- _ABOUT THIS TASK_
Begin at the line containing "5067-3 Piece Khaddar" in the records below, end at the line containing "Продам трешку киевку", and retype each line in that span exactly. No other line and no image should appear.

- _EXERCISE MATERIAL_
──────────
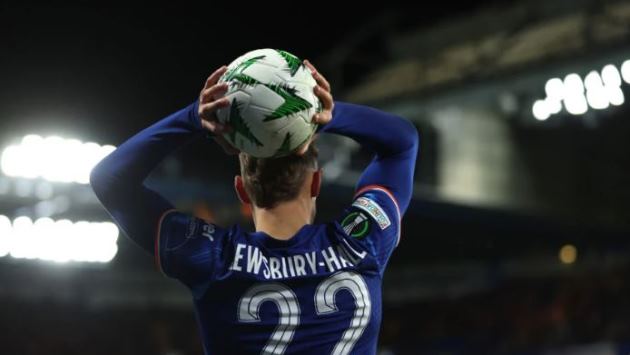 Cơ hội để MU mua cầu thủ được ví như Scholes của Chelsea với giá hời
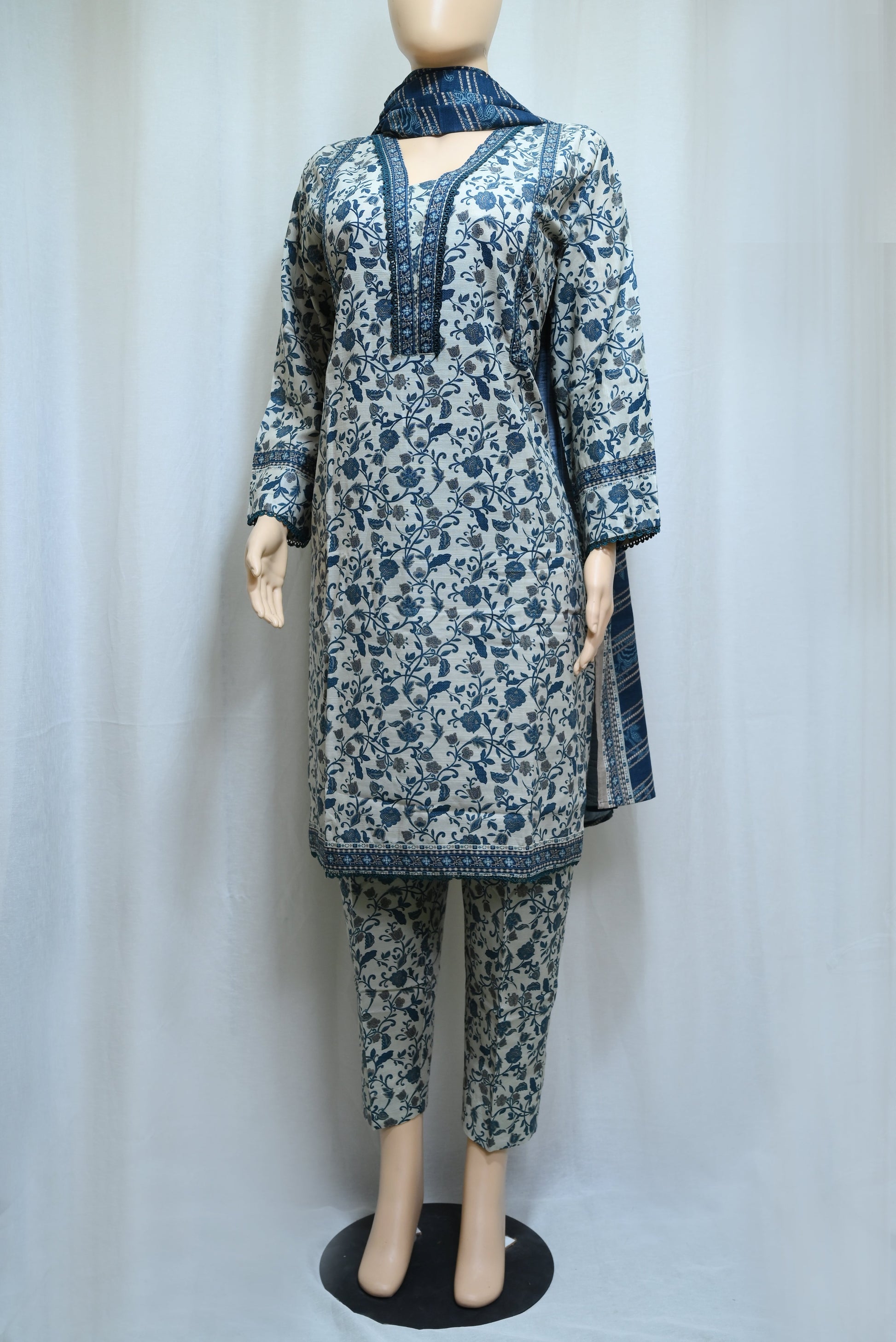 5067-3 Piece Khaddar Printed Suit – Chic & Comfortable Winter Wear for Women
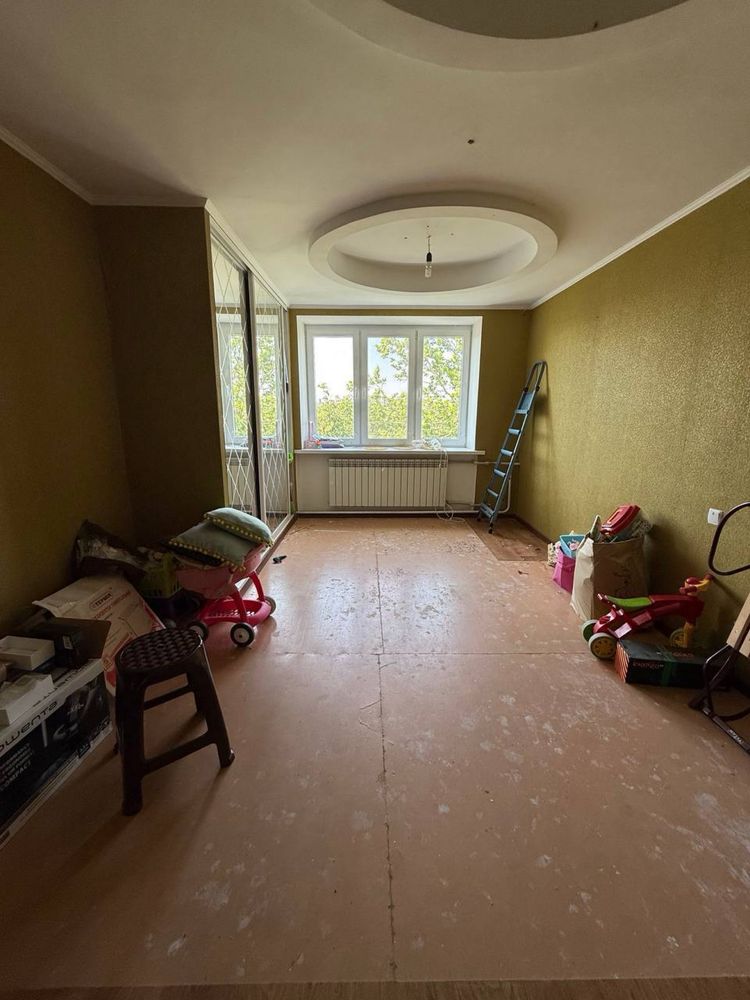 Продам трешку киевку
──────────
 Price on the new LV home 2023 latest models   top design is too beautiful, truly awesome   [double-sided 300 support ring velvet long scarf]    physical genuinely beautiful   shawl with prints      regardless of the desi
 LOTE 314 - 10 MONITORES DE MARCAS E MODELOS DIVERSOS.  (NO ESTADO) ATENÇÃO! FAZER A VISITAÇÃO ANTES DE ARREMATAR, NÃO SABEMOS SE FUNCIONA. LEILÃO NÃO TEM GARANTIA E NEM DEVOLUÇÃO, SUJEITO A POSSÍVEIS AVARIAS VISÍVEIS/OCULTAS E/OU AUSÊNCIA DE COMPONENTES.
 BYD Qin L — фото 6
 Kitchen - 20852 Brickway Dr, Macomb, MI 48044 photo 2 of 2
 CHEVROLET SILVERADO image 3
──────────
- _YOUR RESPONSE_
 5067-3 Piece Khaddar Printed Suit – Chic & Comfortable Winter Wear for Women
 Продам трешку киевку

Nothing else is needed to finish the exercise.